Your assignment: If an entry holds an image, leave that image out and transcribe everything else exactly.
------------------------------------
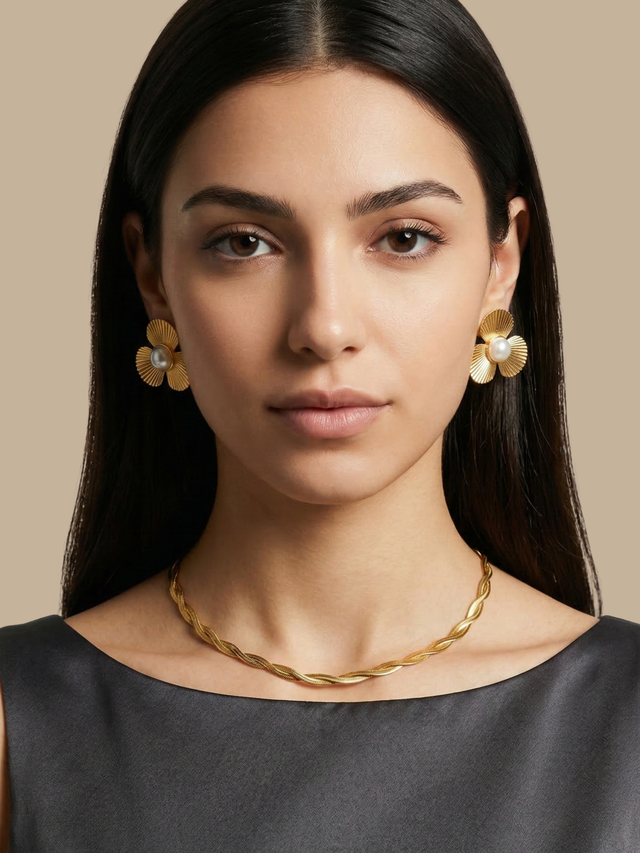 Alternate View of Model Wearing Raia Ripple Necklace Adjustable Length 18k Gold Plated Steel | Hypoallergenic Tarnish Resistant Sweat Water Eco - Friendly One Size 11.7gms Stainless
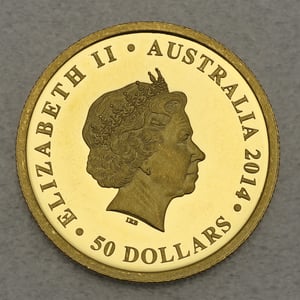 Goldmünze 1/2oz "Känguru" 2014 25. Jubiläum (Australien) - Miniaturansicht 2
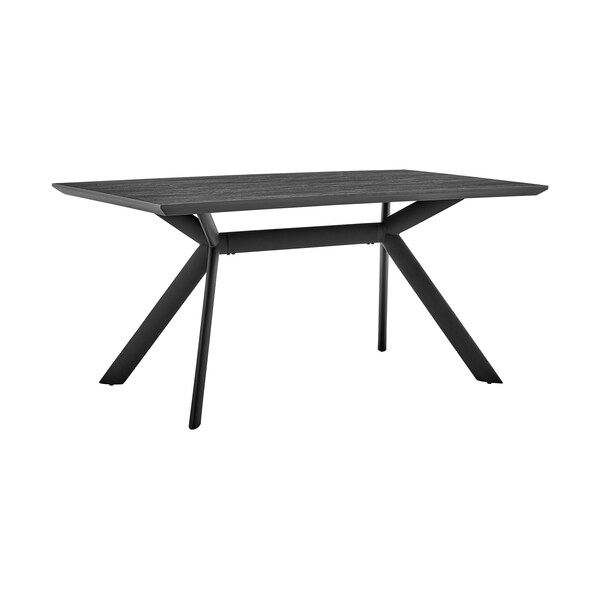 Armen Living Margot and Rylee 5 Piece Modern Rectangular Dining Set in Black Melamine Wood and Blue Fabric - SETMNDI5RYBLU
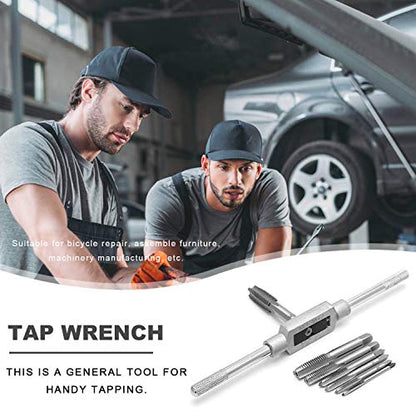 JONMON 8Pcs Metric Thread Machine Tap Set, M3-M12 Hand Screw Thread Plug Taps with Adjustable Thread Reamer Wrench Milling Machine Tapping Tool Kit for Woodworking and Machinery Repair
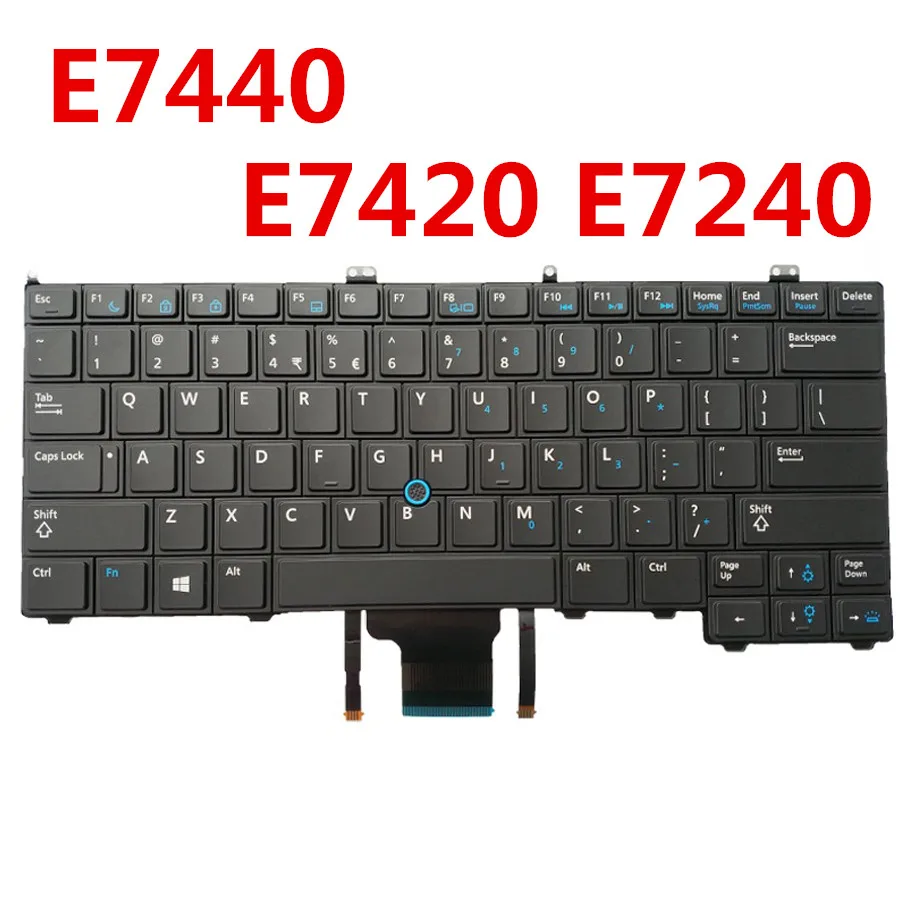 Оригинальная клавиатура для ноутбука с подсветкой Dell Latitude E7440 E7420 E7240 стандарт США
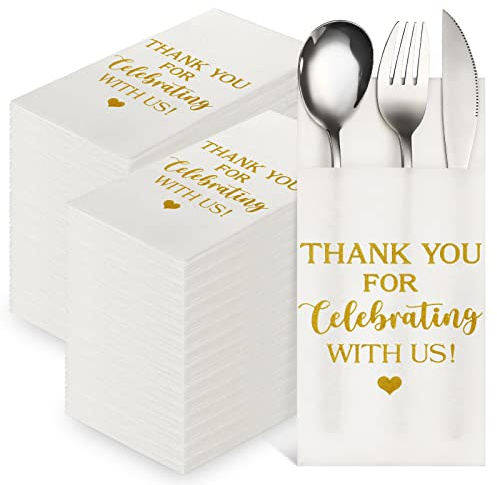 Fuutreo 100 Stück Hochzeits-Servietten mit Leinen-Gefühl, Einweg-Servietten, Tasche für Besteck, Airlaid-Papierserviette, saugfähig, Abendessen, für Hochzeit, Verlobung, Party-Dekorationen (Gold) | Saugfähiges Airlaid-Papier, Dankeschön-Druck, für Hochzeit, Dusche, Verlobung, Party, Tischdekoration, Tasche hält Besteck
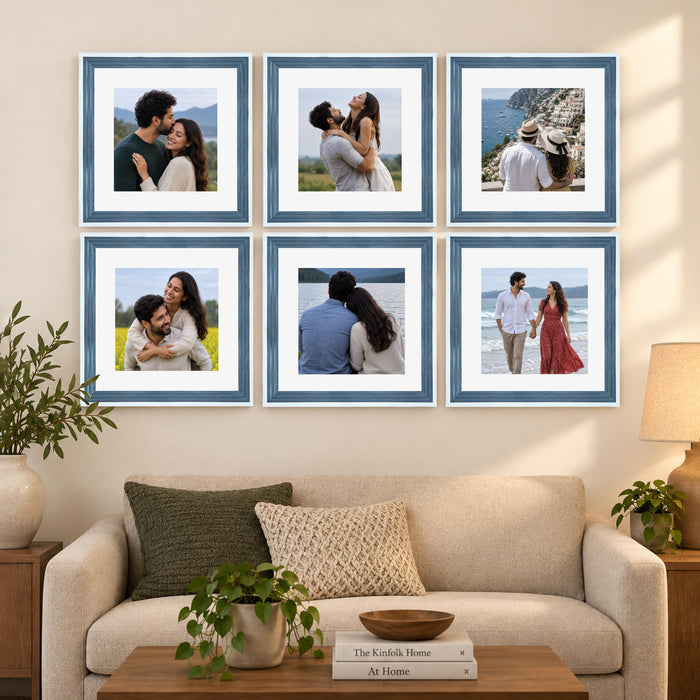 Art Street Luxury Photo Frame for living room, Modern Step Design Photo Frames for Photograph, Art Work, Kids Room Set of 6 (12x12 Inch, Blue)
------------------------------------
Your response:
 Alternate View of Model Wearing Raia Ripple Necklace Adjustable Length 18k Gold Plated Steel | Hypoallergenic Tarnish Resistant Sweat Water Eco - Friendly One Size 11.7gms Stainless
 Goldmünze 1/2oz "Känguru" 2014 25. Jubiläum (Australien) - Miniaturansicht 2
 Armen Living Margot and Rylee 5 Piece Modern Rectangular Dining Set in Black Melamine Wood and Blue Fabric - SETMNDI5RYBLU
 JONMON 8Pcs Metric Thread Machine Tap Set, M3-M12 Hand Screw Thread Plug Taps with Adjustable Thread Reamer Wrench Milling Machine Tapping Tool Kit for Woodworking and Machinery Repair
 Оригинальная клавиатура для ноутбука с подсветкой Dell Latitude E7440 E7420 E7240 стандарт США
 Fuutreo 100 Stück Hochzeits-Servietten mit Leinen-Gefühl, Einweg-Servietten, Tasche für Besteck, Airlaid-Papierserviette, saugfähig, Abendessen, für Hochzeit, Verlobung, Party-Dekorationen (Gold) | Saugfähiges Airlaid-Papier, Dankeschön-Druck, für Hochzeit, Dusche, Verlobung, Party, Tischdekoration, Tasche hält Besteck
 Art Street Luxury Photo Frame for living room, Modern Step Design Photo Frames for Photograph, Art Work, Kids Room Set of 6 (12x12 Inch, Blue)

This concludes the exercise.